Omit every picture and write out the rest of the records exactly.

----

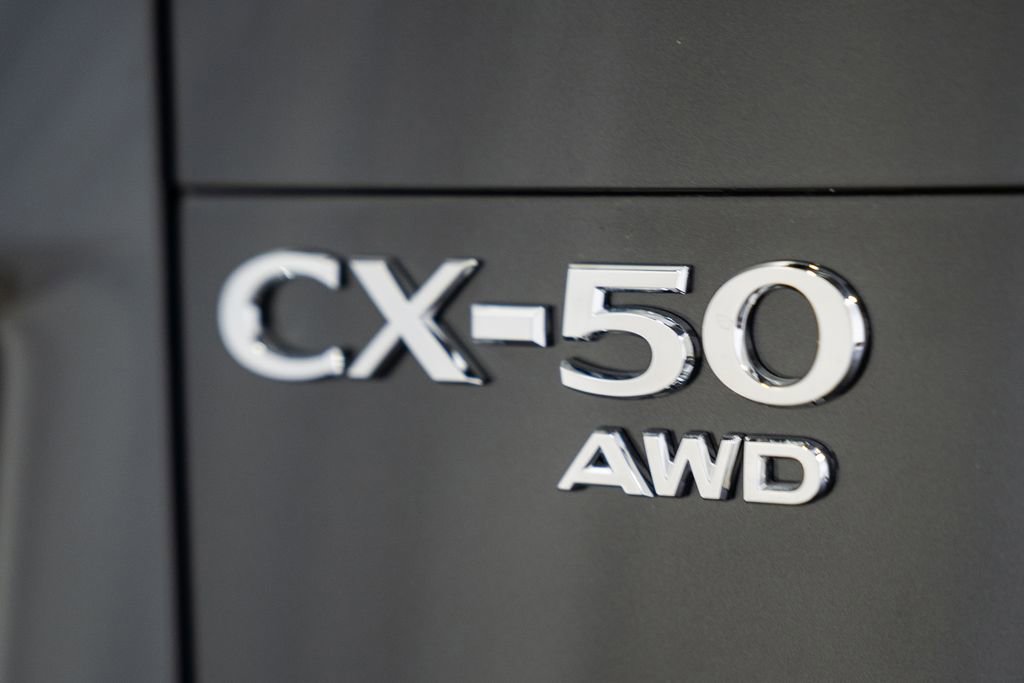 Used 2025 MAZDA CX-50 2.5 Hybrid w/ Premium Plus Pkg AWD/4WD image 8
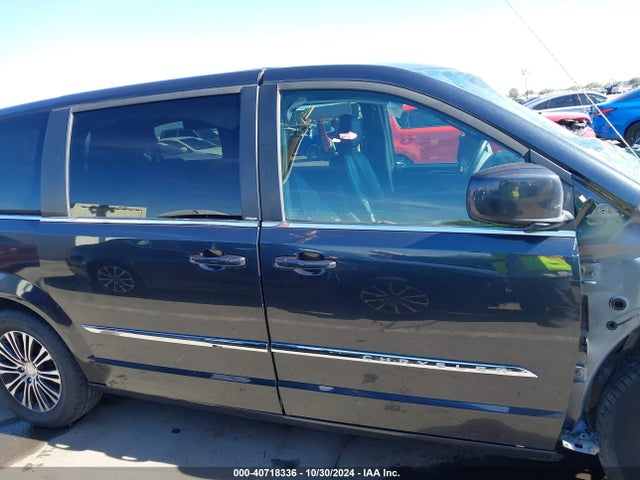 2C4RC1HG9ER238769 Chrysler Town & Country S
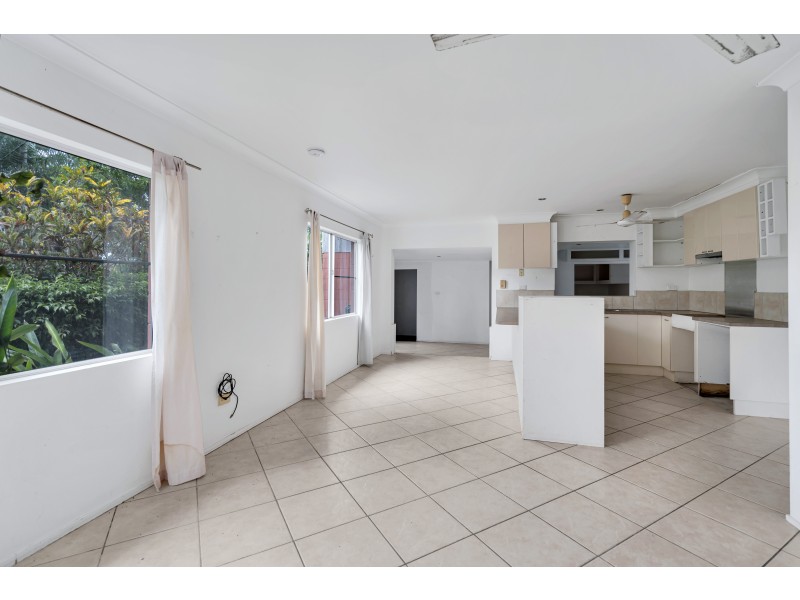 27 Lae Street, Trinity Beach QLD 4879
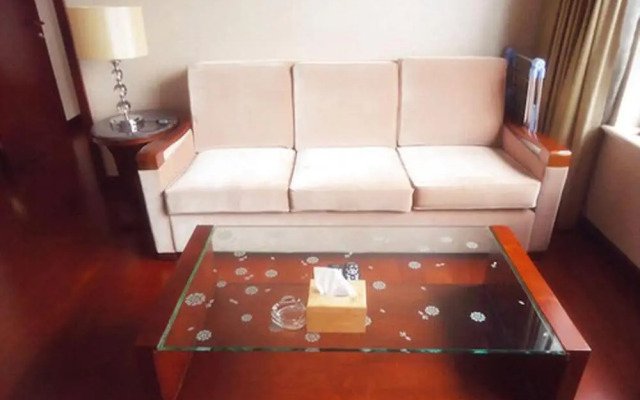 Jing'an Ziyuan Apartment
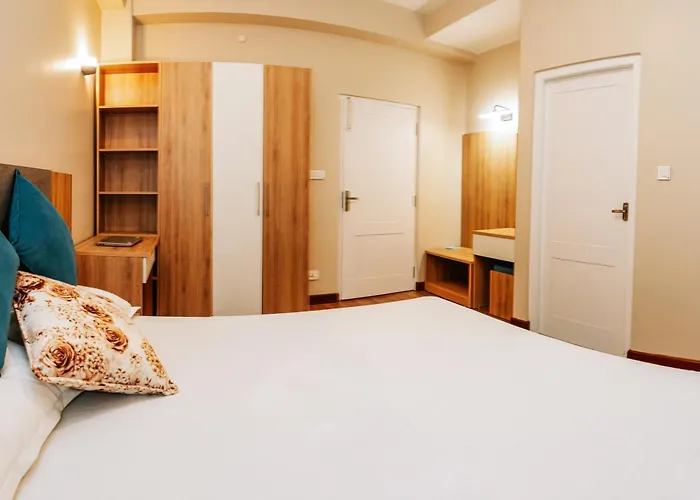 Apartamento 2bhk Serviced At Heart Of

----

=== Problem solution ===
 Used 2025 MAZDA CX-50 2.5 Hybrid w/ Premium Plus Pkg AWD/4WD image 8
 2C4RC1HG9ER238769 Chrysler Town & Country S
 27 Lae Street, Trinity Beach QLD 4879
 Jing'an Ziyuan Apartment
 Apartamento 2bhk Serviced At Heart Of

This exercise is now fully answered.